Ambar Arum Putri Hapsari
mahasiswa Universitas STEKOM, BERITA CINTAMenulis di Beritacinta, saya berbagi cerita, tips, dan inspirasi seputar cinta dan hubungan. Semoga tulisan-tulisan di sini bisa menemani dan memberi warna di perjalanan cinta kamu.
Nunggu tanpa status adalah istilah yang sering digunakan untuk menggambarkan kondisi seseorang yang setia pada satu orang namun tidak pernah benar benar diakui. Situasi ini merupakan bentuk hubungan abu abu yang membuat hati terus berharap tanpa pegangan pasti. Fase ini ialah keadaan di mana perasaan dijaga penuh tapi komitmen tidak pernah diberi nama.
Banyak orang terjebak dalam nunggu tanpa status karena rasa sayang yang sudah terlanjur dalam. Mereka memilih bertahan dengan alasan belum waktunya atau masih proses. Padahal di balik itu ada rasa takut kehilangan jika berhenti berharap. Setia dijalani sendiri sementara kepastian selalu ditunda.

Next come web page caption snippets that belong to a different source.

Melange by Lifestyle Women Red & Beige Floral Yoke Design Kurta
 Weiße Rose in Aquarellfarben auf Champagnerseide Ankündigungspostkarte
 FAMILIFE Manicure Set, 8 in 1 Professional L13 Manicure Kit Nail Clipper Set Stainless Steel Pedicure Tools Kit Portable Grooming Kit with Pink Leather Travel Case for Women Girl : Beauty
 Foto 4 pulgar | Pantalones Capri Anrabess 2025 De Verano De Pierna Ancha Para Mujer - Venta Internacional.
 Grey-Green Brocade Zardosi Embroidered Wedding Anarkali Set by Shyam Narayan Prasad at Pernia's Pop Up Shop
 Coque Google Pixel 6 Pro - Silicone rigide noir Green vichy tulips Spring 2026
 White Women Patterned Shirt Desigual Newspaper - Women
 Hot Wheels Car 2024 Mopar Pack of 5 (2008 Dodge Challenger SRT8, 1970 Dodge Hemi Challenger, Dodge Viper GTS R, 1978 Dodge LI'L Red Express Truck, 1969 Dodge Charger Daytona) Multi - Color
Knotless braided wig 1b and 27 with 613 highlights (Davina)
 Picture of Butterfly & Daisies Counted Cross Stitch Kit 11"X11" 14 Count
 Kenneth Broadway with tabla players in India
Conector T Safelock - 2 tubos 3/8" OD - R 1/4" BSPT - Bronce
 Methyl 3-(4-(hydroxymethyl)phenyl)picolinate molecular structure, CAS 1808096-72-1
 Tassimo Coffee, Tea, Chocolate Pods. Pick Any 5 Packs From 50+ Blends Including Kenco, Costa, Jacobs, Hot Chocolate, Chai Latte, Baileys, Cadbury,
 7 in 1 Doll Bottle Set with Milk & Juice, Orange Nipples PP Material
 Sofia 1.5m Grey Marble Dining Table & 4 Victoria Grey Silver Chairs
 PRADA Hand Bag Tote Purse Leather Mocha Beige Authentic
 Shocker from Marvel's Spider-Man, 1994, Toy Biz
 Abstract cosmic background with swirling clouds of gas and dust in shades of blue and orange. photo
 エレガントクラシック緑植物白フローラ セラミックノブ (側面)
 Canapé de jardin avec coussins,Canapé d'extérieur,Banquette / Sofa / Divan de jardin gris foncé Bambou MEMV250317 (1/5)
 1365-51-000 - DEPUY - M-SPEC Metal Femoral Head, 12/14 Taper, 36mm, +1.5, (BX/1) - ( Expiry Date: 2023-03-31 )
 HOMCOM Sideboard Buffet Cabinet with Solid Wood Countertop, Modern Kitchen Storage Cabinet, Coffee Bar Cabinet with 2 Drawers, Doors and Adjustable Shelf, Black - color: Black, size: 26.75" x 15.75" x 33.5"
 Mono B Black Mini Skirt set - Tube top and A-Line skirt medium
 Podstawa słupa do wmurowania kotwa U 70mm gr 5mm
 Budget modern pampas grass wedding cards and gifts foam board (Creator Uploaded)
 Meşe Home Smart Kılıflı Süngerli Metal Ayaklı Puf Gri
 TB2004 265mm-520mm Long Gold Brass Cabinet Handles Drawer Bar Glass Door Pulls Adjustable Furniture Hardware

Istilah kata gaul nunggu tanpa status lahir dari pengalaman emosional yang cukup menyakitkan. Hubungan berjalan seperti pasangan pada umumnya ada perhatian ada komunikasi intens bahkan ada kecemburuan. Namun ketika ditanya soal status jawabannya selalu menggantung.
Orang yang berada di posisi ini sering merasa bingung dengan perannya sendiri. Tidak bisa menuntut karena tidak resmi tapi juga tidak bisa pergi karena sudah terlanjur terikat. Setiap hari dijalani dengan harapan kecil yang terus diulang.
Masalah utama dari nunggu tanpa status adalah ketimpangan posisi. Satu pihak memberi loyalitas penuh sementara pihak lain menikmati kenyamanan tanpa tanggung jawab. Hal ini perlahan mengikis harga diri dan rasa aman emosional.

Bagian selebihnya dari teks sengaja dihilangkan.